If not, another approach might be to try https://github.com/s3fs-fuse/s3fs-fuse
The boto3 approach didn't work because it needs a credentials file. Option 2 with s3fs worked - thanks!
Cool. So I'm trying to make sure we have all the data from Google Drive copied to S3.
I think you have 564277 files on Google Drive:
$ rclone ls gdrive-usgs:imageclass | wc -l
564277
but right now there are only 133022 files on S3:
$ rclone ls aws:cdi-workshop | wc -l
133022
I think this means my rclone command is not syncing as it should be, but restarting the transfer every time I restart it. It's running now, but when it quits, I'll do a little more in-depth sleuthing to figure out what is going on.

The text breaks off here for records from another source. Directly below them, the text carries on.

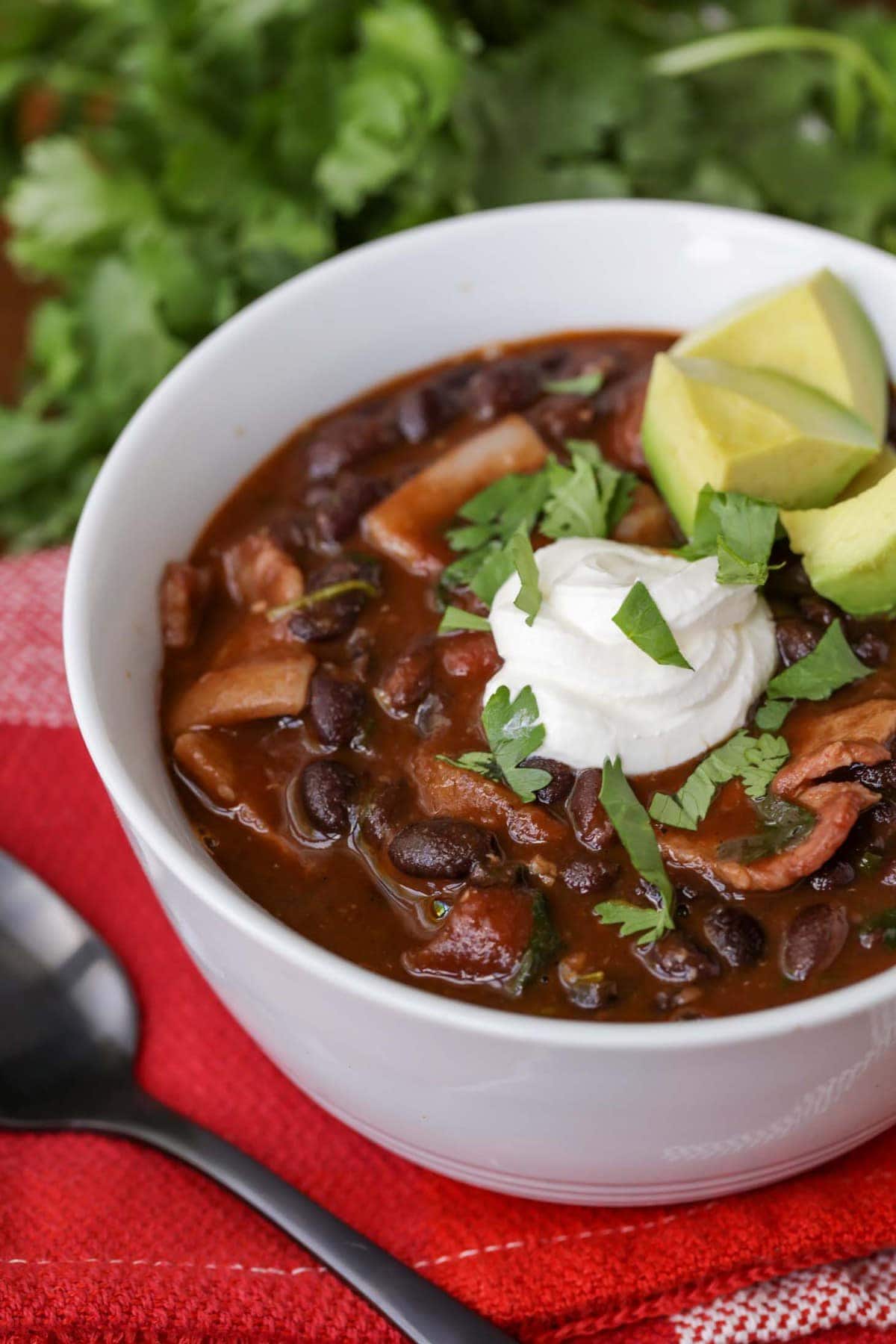 Black Bean Soup served in a white bowl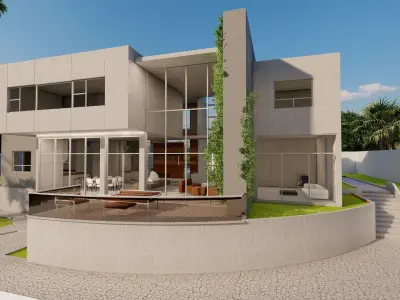Casa Scene-villa-modern house 3D model 98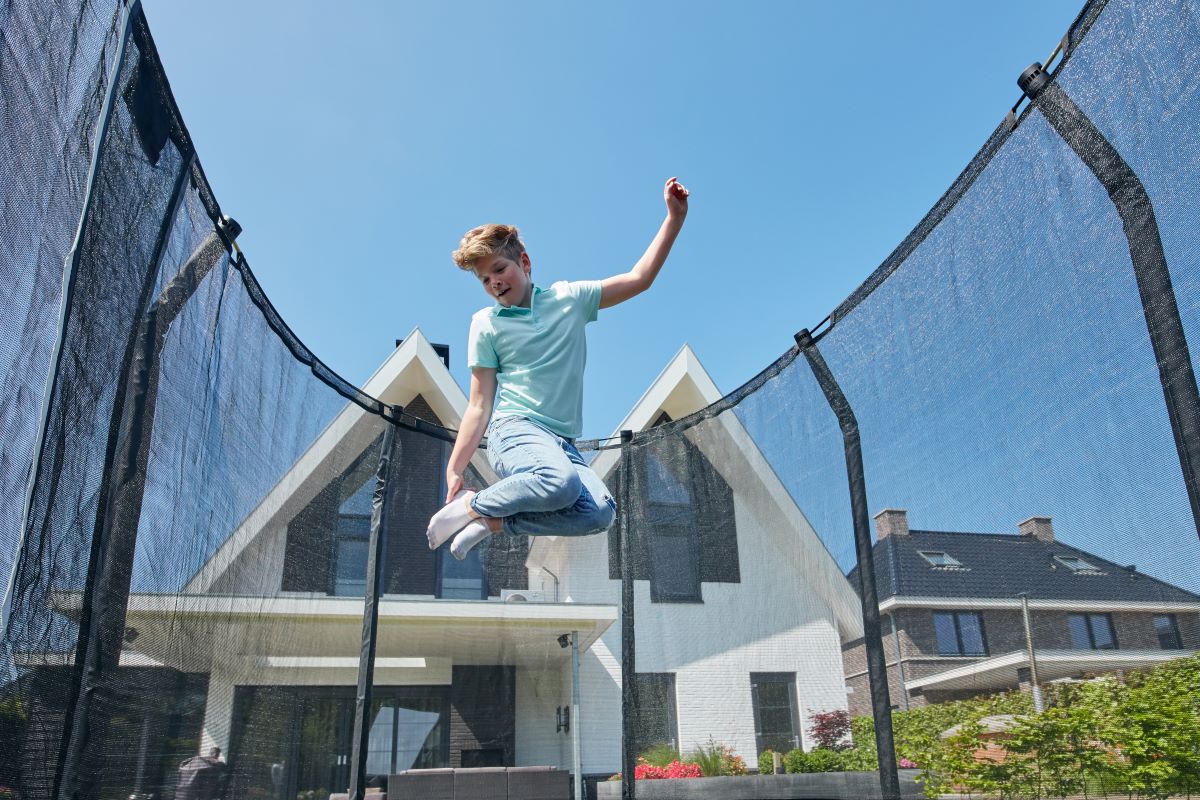 Salta Trampolin Premium Ground - 305x214cm - Rechteckig Grün - machsport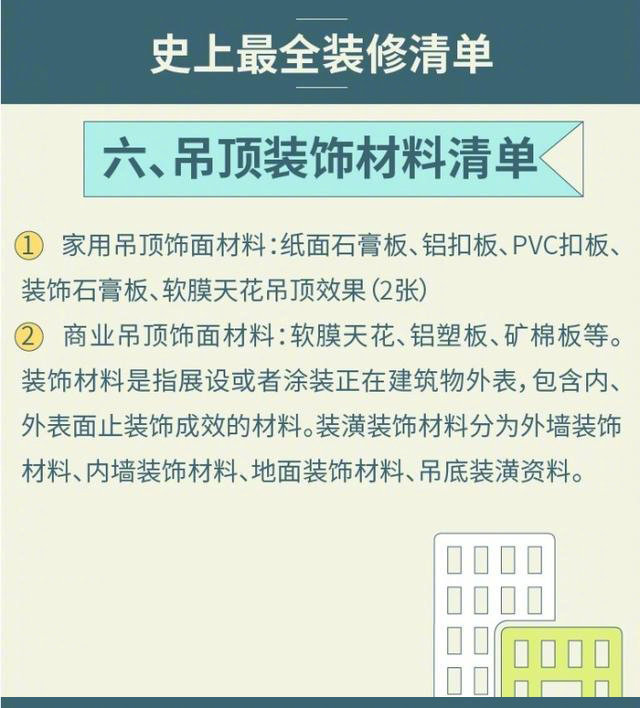 史上最全装修材料清单，需要的转走吧！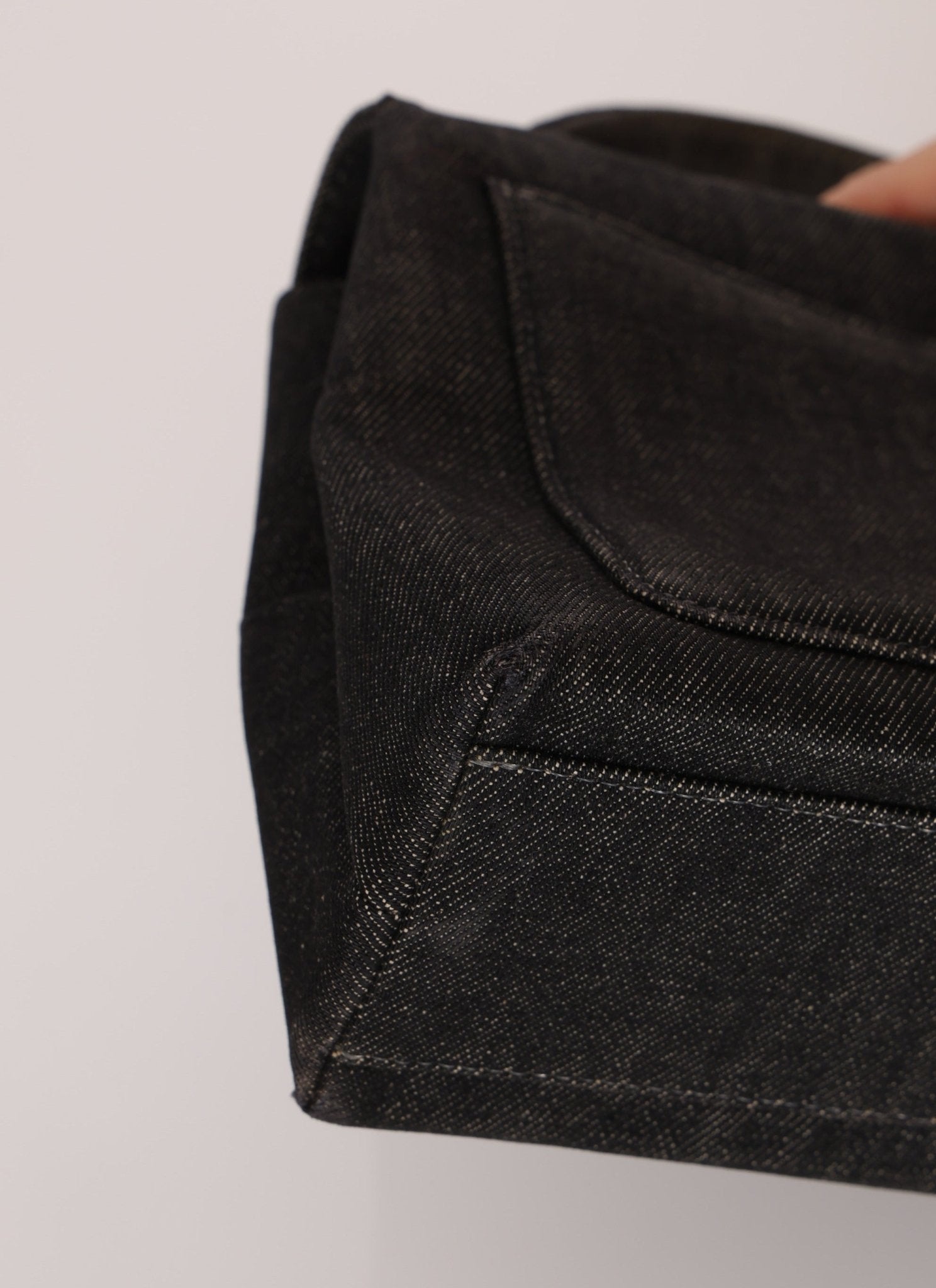 Rare Chanel 1994 Black Denim Small Kelly Top Handle - FashioNica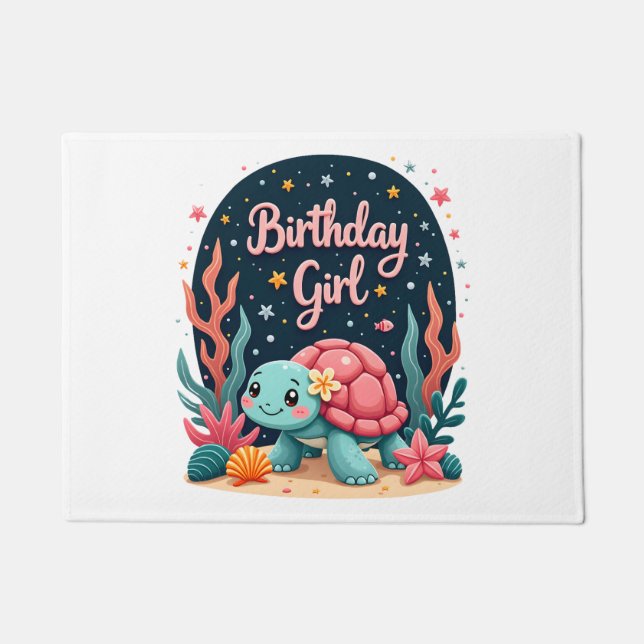 Birthday Girl Sea Turtle Theme Birthday Party Ocea Doormat (Front)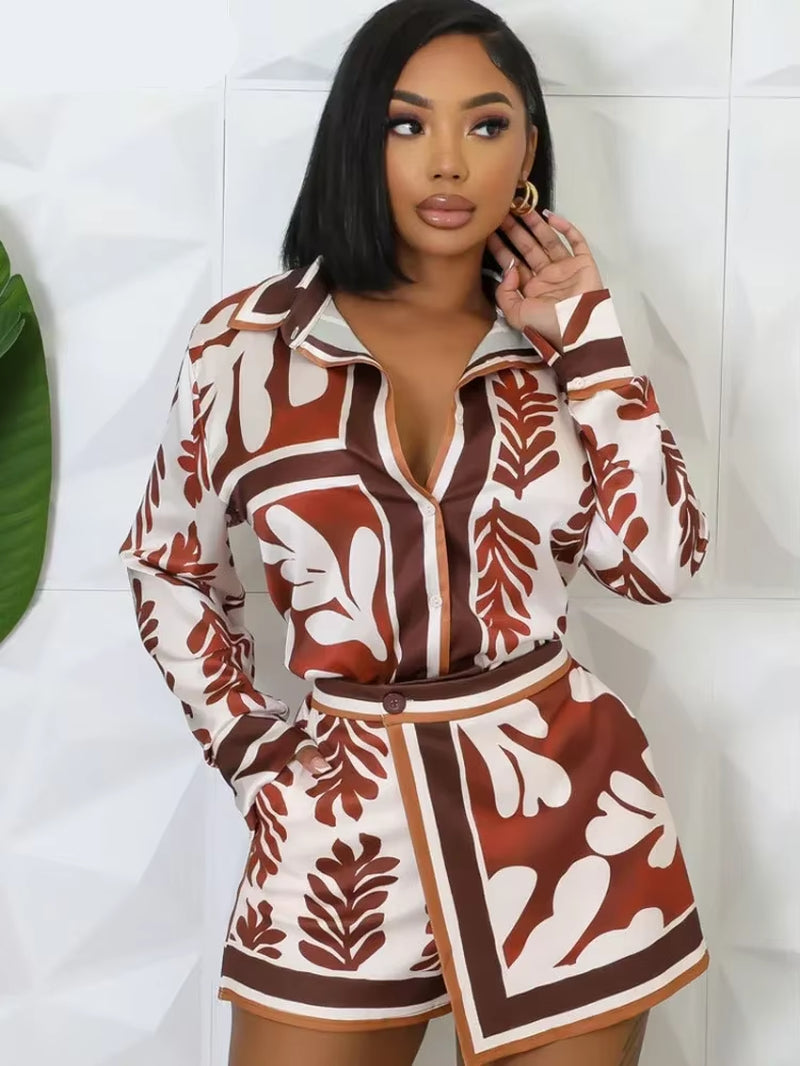 Full Sleeve Print Shirt and Irregular Shorts Suit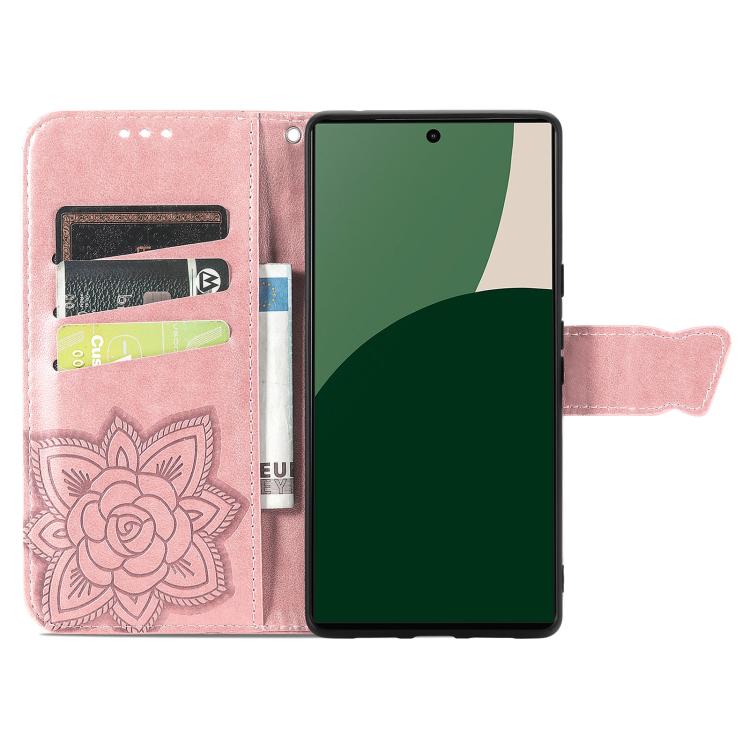 For Fujitsu Arrows We2 / F-52E Butterfly Love Flower Embossed Leather Phone Case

Ah, I'm getting this error:
[1]+ Running rclone sync gdrive-usgs:imageclass aws:cdi-workshop --checksum --fast-list --transfers 16 &
(IOOS3) [rsignell@sand ~]$ 2018/06/29 16:36:26 ERROR : semseg_data/ccr/all/tile_96/road/PO2DOF.jpg: Failed to copy: failed to open source object: open file failed: googleapi: Error 403: The download quota for this file has been exceeded., downloadQuotaExceeded
So now that the process has died, checking how much have transferred:
(IOOS3) [rsignell@sand ~]$ rclone size aws:cdi-workshop
Total objects: 175522
Total size: 27.063 GBytes (29058733208 Bytes)
I'll try again tomorrow to see if it starts again and add on. But best solution might be just for @dbuscombe-usgs to push the data to S3 from his own machine instead of going through google drive. Seems like google drive is imposing annoying quotas for download.
I could push from my own machine - just tell me how. That might be better in the longer term anyway in case I need to add even more files
I ran the sync command again, and after dying again with the quota limit, it's at:
(IOOS3) [rsignell@sand ~]$ rclone size aws:cdi-workshop
Total objects: 514165
Total size: 29.329 GBytes (31492012782 Bytes)
closing in! I'll run the sync again tomorrow.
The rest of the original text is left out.